--- What is required ---
Your copy should repeat each record exactly and contain none of the pictures.

--- START ---

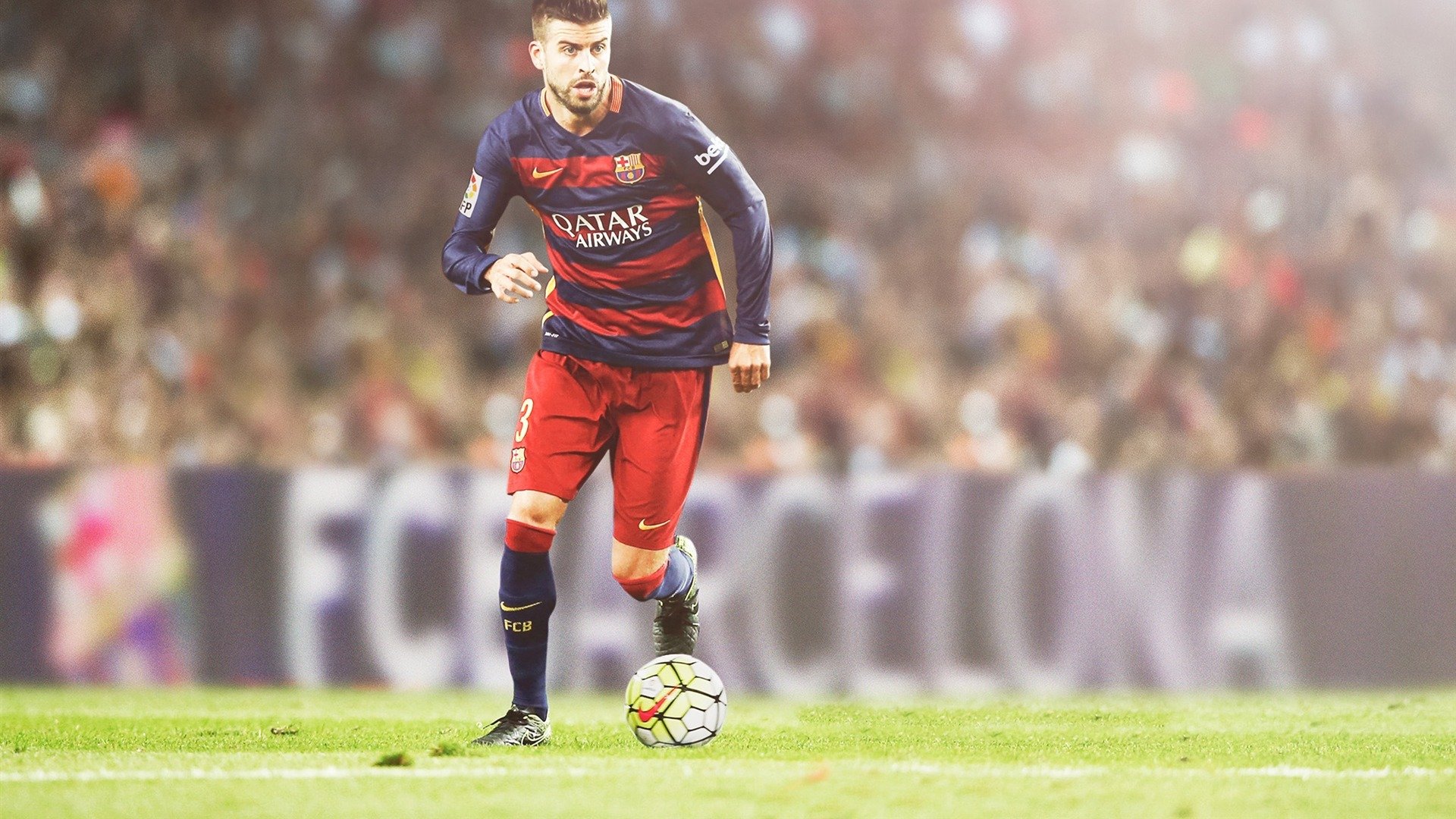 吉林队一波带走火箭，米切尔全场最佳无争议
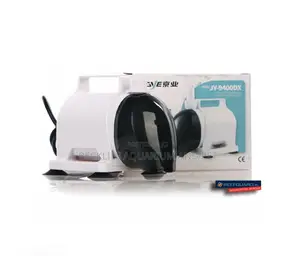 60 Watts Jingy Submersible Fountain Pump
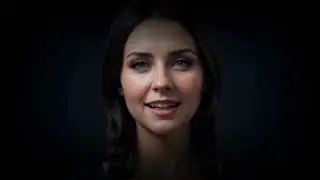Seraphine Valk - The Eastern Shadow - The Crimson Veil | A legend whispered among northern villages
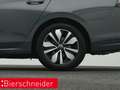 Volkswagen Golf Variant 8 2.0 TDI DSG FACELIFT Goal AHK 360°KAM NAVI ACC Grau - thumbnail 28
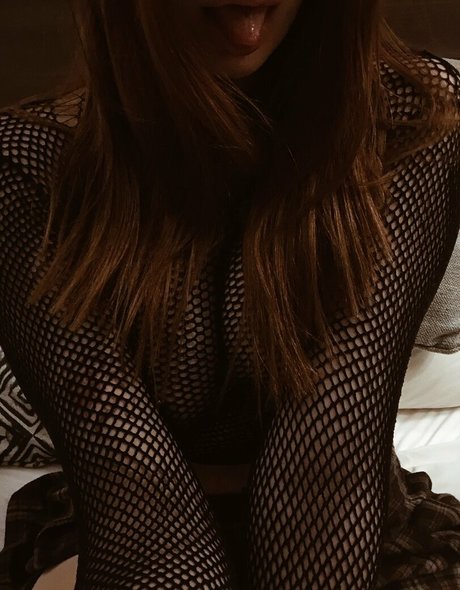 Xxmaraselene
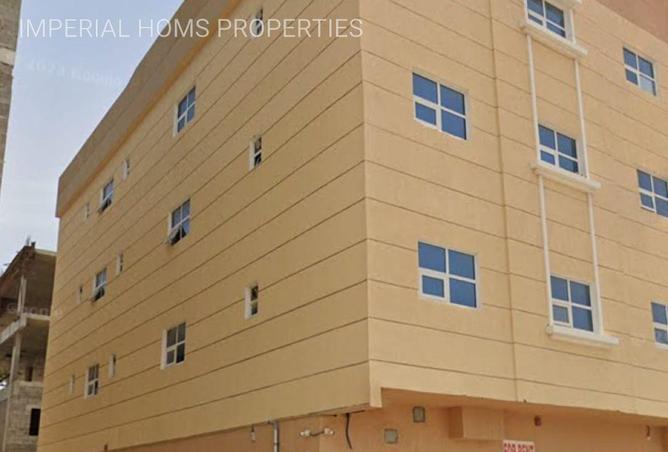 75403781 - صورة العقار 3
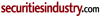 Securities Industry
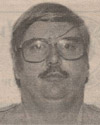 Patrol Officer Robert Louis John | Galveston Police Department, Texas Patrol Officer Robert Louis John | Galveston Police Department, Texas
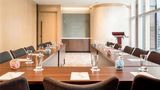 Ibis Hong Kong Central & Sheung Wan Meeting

--- END ---

--- Response to the task ---
 吉林队一波带走火箭，米切尔全场最佳无争议
 60 Watts Jingy Submersible Fountain Pump
Seraphine Valk - The Eastern Shadow - The Crimson Veil | A legend whispered among northern villages
 Volkswagen Golf Variant 8 2.0 TDI DSG FACELIFT Goal AHK 360°KAM NAVI ACC Grau - thumbnail 28
 Xxmaraselene
 75403781 - صورة العقار 3
 Securities Industry
 Patrol Officer Robert Louis John | Galveston Police Department, Texas Patrol Officer Robert Louis John | Galveston Police Department, Texas
 Ibis Hong Kong Central & Sheung Wan Meeting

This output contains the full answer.